All elements of discharge were conducted with the health and welfare of the animals in mind.
Maximum temperatures reached 30 degrees Celsius (dry bulb) and 23 degrees Celsius (wet bulb), with humidity reaching 80 per cent. The IO noted a difference between the open and closed decks, however stated no deck felt oppressive at any point. The lower (enclosed) decks were well ventilated and the upper open decks felt comfortable at all times, and the mobile thermometer carried consistently read within one degree of the vessel’s fixed thermometers. The temperature and humidity reading on the upper decks was always consistent with the reported readings. The lower decks were cooler and less humid than the outside reading.

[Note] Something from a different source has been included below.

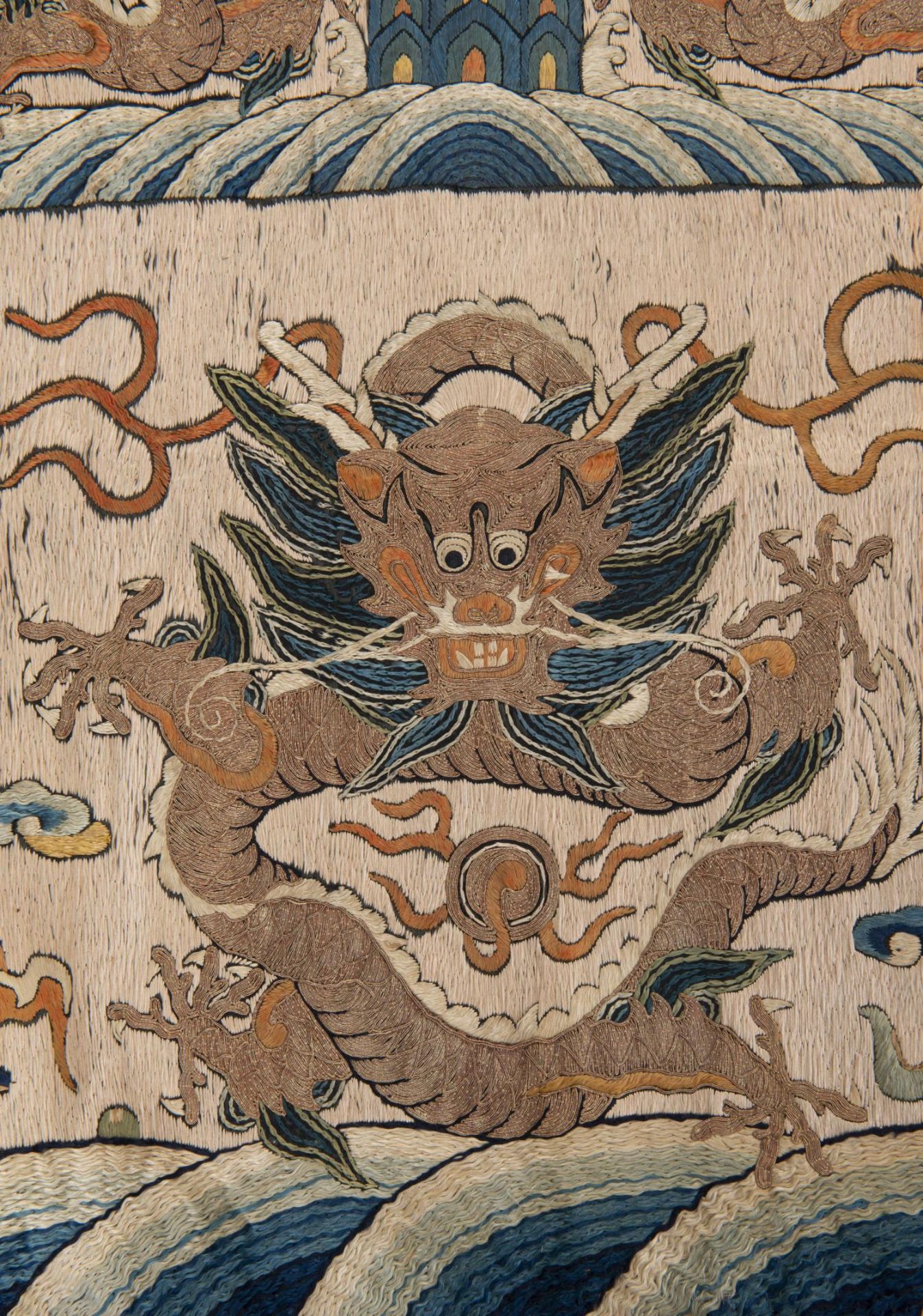 CHINE, Broderie chinoise avec dragons au-dessus des flots... - Image 3 of 5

The IO determined that the relevant procedures relating to the management of livestock exported by sea were consistent with ASEL.
Animal welfare was always the paramount concern of the stock people, CO and Bosun. The animals were provided quality feed and water, and had appropriate access to it. The ventilation seemed adequate, and the temperatures were not an issue for cattle coming out of northern Western Australia which are acclimatised to the heat.